Question

For any positive integer n, the sum of the first n positive integers equals n(n+1)2n(n+1)2. what is the sum of all the even integers between 99 and 301 ?

Answer 1

Answer:  The answer is 20200.

Step-by-step explanation:  Given that the sum of first 'n' positive integers is given by

$S_n=\dfrac{n(n+1)}{2}$

and sum of first 'n' even integers is

$S_{en}=n(n+1).$  

We need to find the sum of all even integers between 99 and 301.

From 1 to 99, number of even integers is

$\dfrac{99-1}{2}=49,$

and the number of even integers from 1 to 301 is

$\dfrac{301-1}{2}=150.$

Now, sum of first 49 even integers is

$S_{49}=49(49+1)=2450,$

and sum of first 150 even integers is

$S_{150}=150(150+1)=22650.$

Therefore, sum of all even integers between 99 and 301 is given by

$S_{99-301}=S_{150}-S_{49}=22650-2450=20200.$

Thus, the required sum is 20200.

Answer 2

Answer:

The sum of even integers between 99 and 301 is 20200.

Step-by-step explanation:

To find : what is the sum of all the even integers between 99 and 301?

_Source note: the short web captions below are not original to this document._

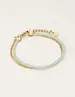 My Jewellery Bracelet double cord and chain MJ09721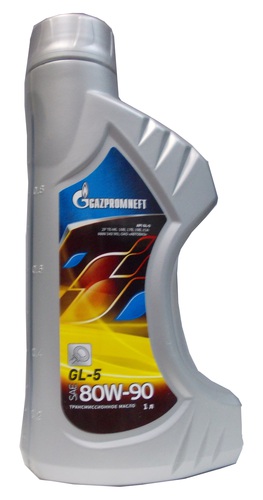 Масло трансмиссионное Gazpromneft  GL-5 80W-90 1л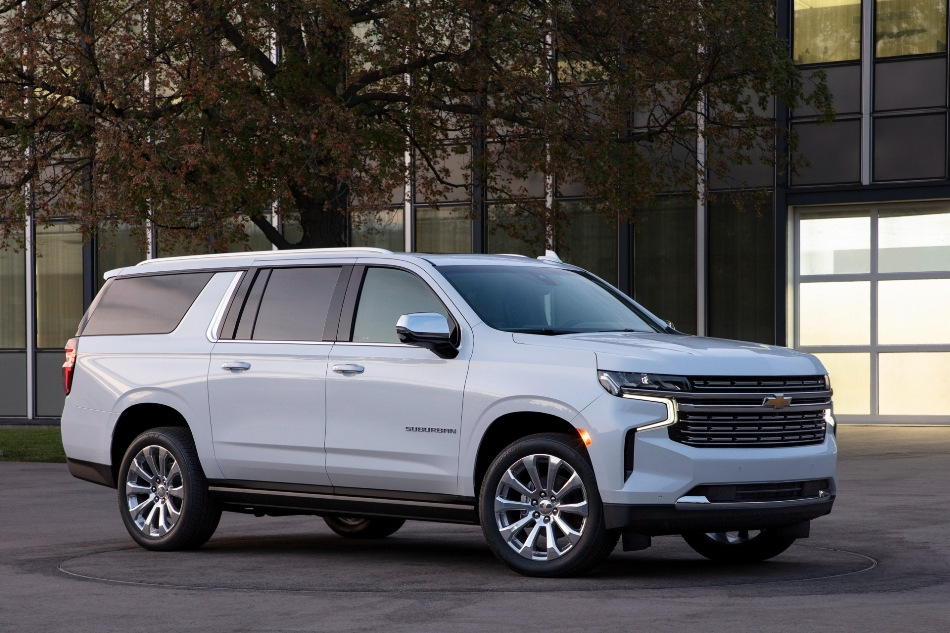 Chevrolet Suburban: legendarische SUV van de 12e generatie
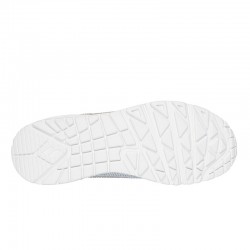 Sneakers Mujer Skechers Uno-Disco Rave Blanco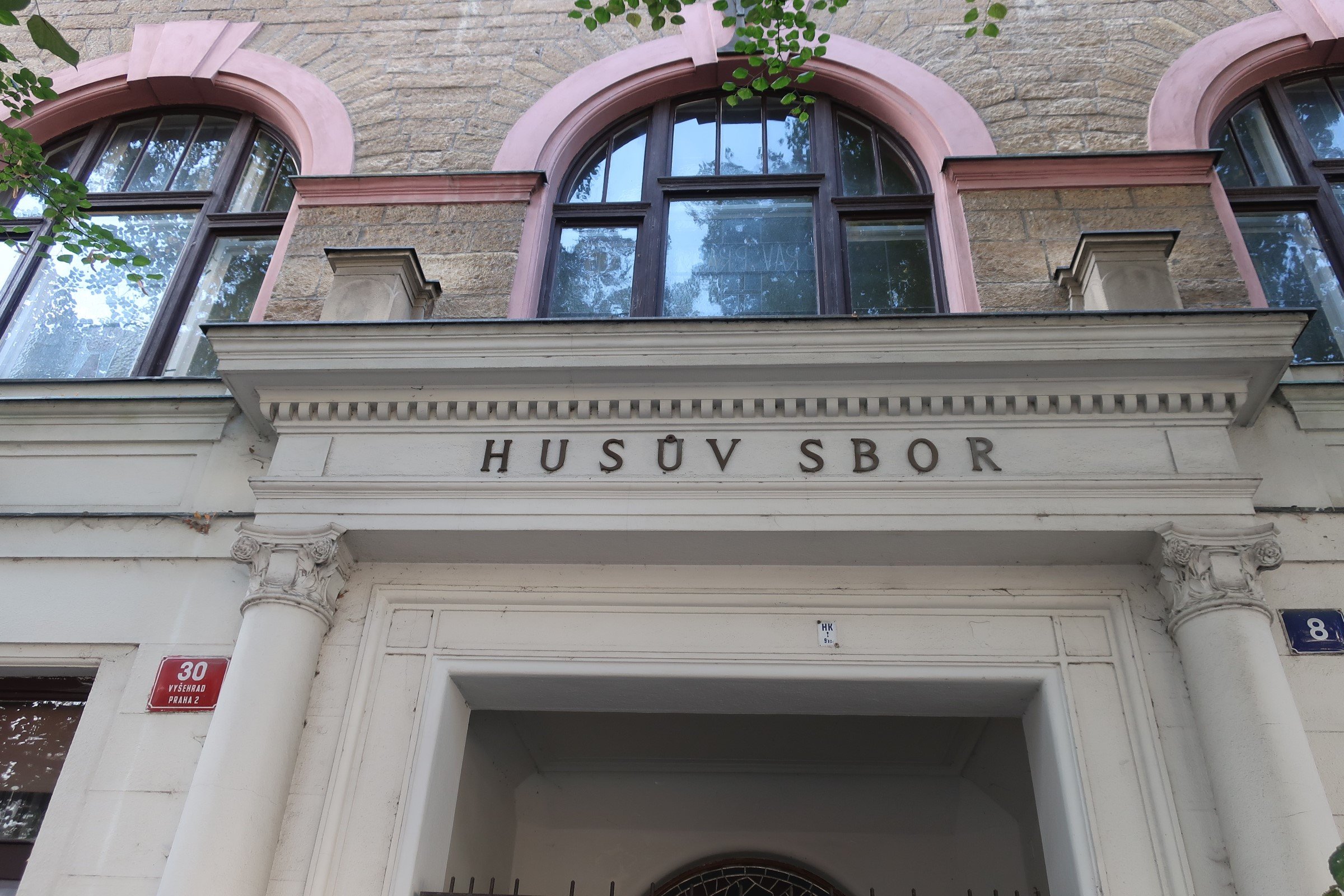 Spolkový dům Vyšehradské záložny, Vratislavova čp. 30/8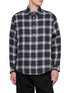 SOLID HOMME Checked Shirt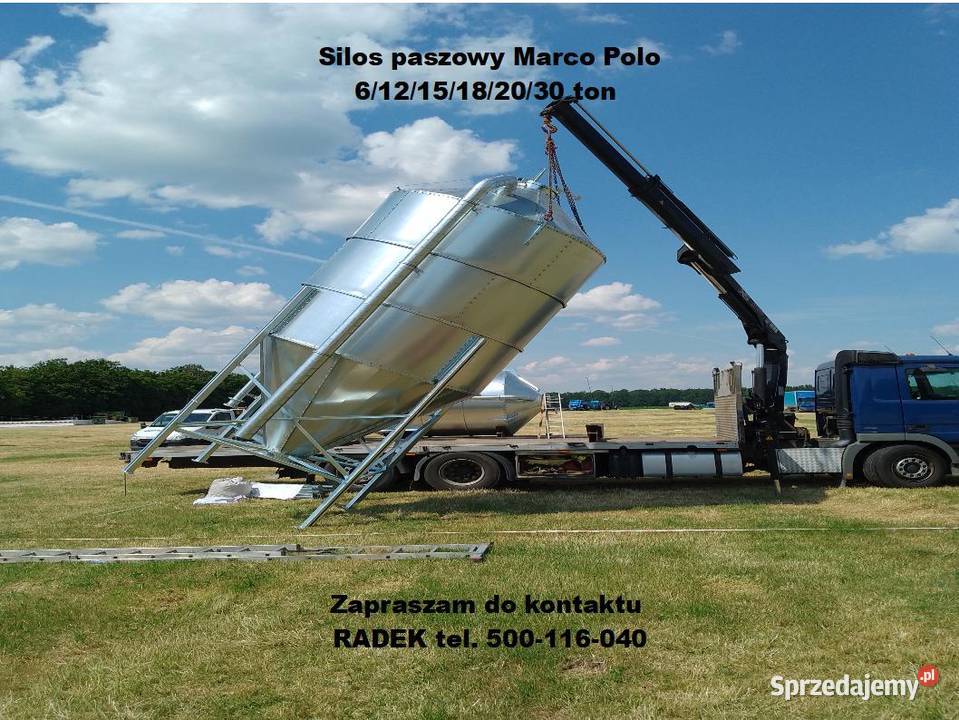 silos na pasze 3ton5ton8ton12ton Jeżewo Nowe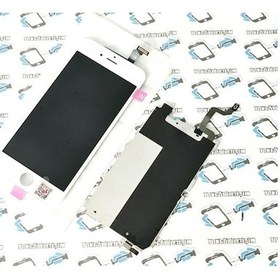 Resim iPhone 6 Lcd Ekran Dokunmatik (Ara Metal Plaka Ara Film) (220064356)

Solution : The even integers between 99 and 301  

100 would be least such integer and 300 would be greatest integer

So series form is 100,102,104,106,.......,300  

Now applying concepts of an arithmetic progression :

Where, First term,  a=100

Common difference,d=102-100=104-102=.....= 2

Last term, l=300

Now the relationship between a,d and I  

$l=a+(n-1)\times d$

where n is number of terms  

$300=100+(n-1)\times 2$

$200=(n-1)\times 2$

$100=n-1$

$101=n$

Now we have to find sum of these 101 terms  

Sum of n terms of an arithmetic progression is

$S_n=\frac{n}{2}[2a+(n-1)d]$

$S_{101}=\frac{101}{2}[2(100)+(101-1)2]$

$S_{101}=\frac{101}{2}[200+(100)2]$

$S_{101}=\frac{101}{2}[400]$

$S_{101}=101\times200]$

$S_{101}=20200$

Sum of all even integers between 99 and 301 is 20200.